Plans for the “World’s Largest Rattlesnake Roundup” this weekend in the Texas town of Sweetwater are full-scale ahead, with snakes set to be skinned and others “milked” of their venom. There’s even a pageant for local young women, Miss Snake Charmer. The town of 11,000 is expected to swell to around 30,000 during the festival that runs through Sunday, said Dennis Cumbie, one of the organizers. “It’s the biggest event in this town every year,” Cumbie said. “It’s very much part of our culture.”

The same is true in the south Alabama town of Opp, where an annual rattlesnake festival that has drawn thousands for nearly six decades opens March 25. While organizers say the snake hunters who bring in big rattlers get rid of nuisance reptiles, opponents say Eastern diamondback snakes are declining in population.
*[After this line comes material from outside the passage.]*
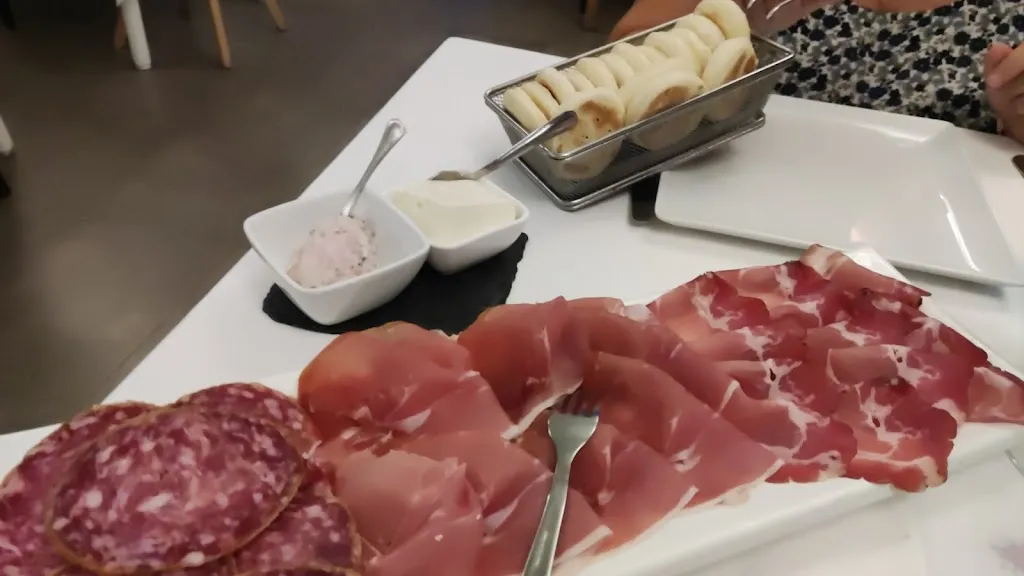 Menü_Osteria Secchia_Concordia sulla Secchia_Bild_6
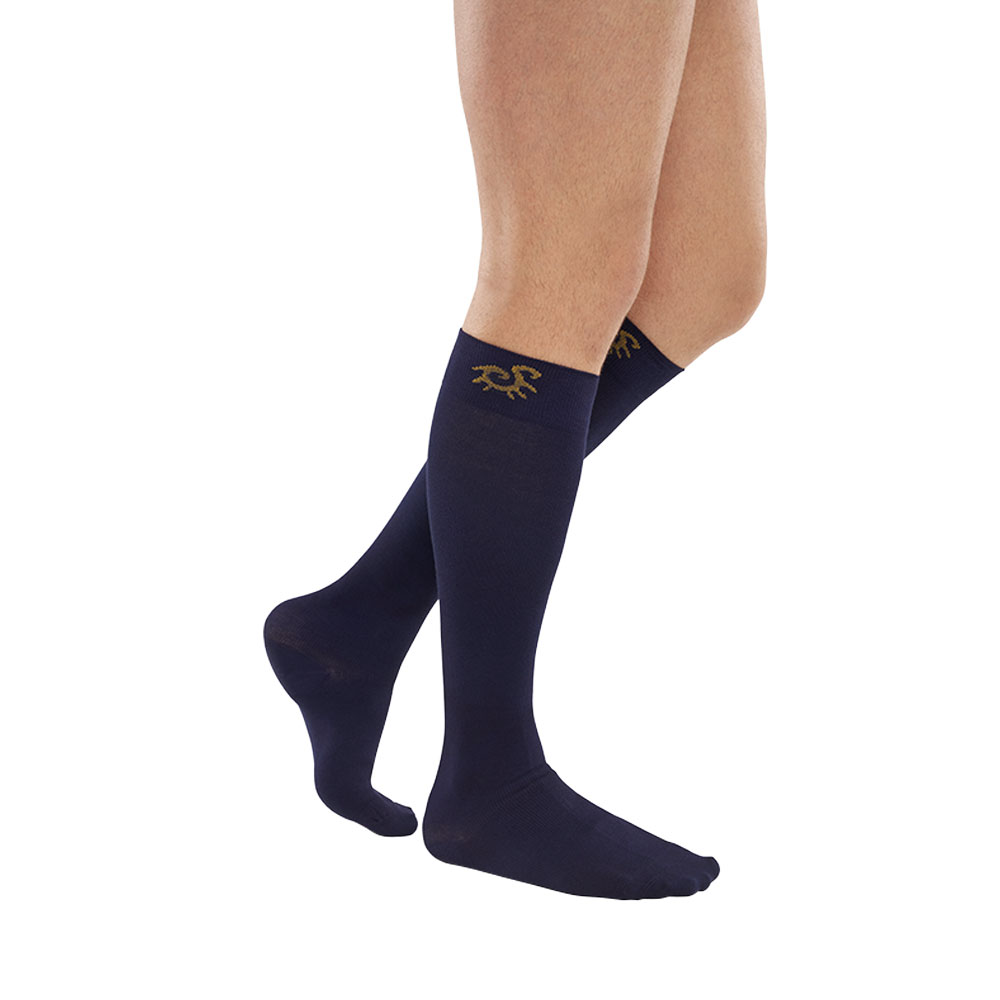 Solidea Socks for you Bamboo Opera In Linea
Sweetwater has held its rattlesnake roundup for more than six decades, “and what we have figured out over 64 years is that we’re not damaging the population of the snakes whatsoever,” Cumbie said. Rather, organizers liken snake hunting to how other hunters keep deer numbers in check.

In Georgia, organizers say the more humane format they launched for the first time last weekend was a success. Exact attendance figures are unknown, but “I’ve heard anywhere from 7,000 to 15,000,” said Jeffrey Cox, who has been helping to organize the Whigham Rattlesnake Roundup for the past four decades.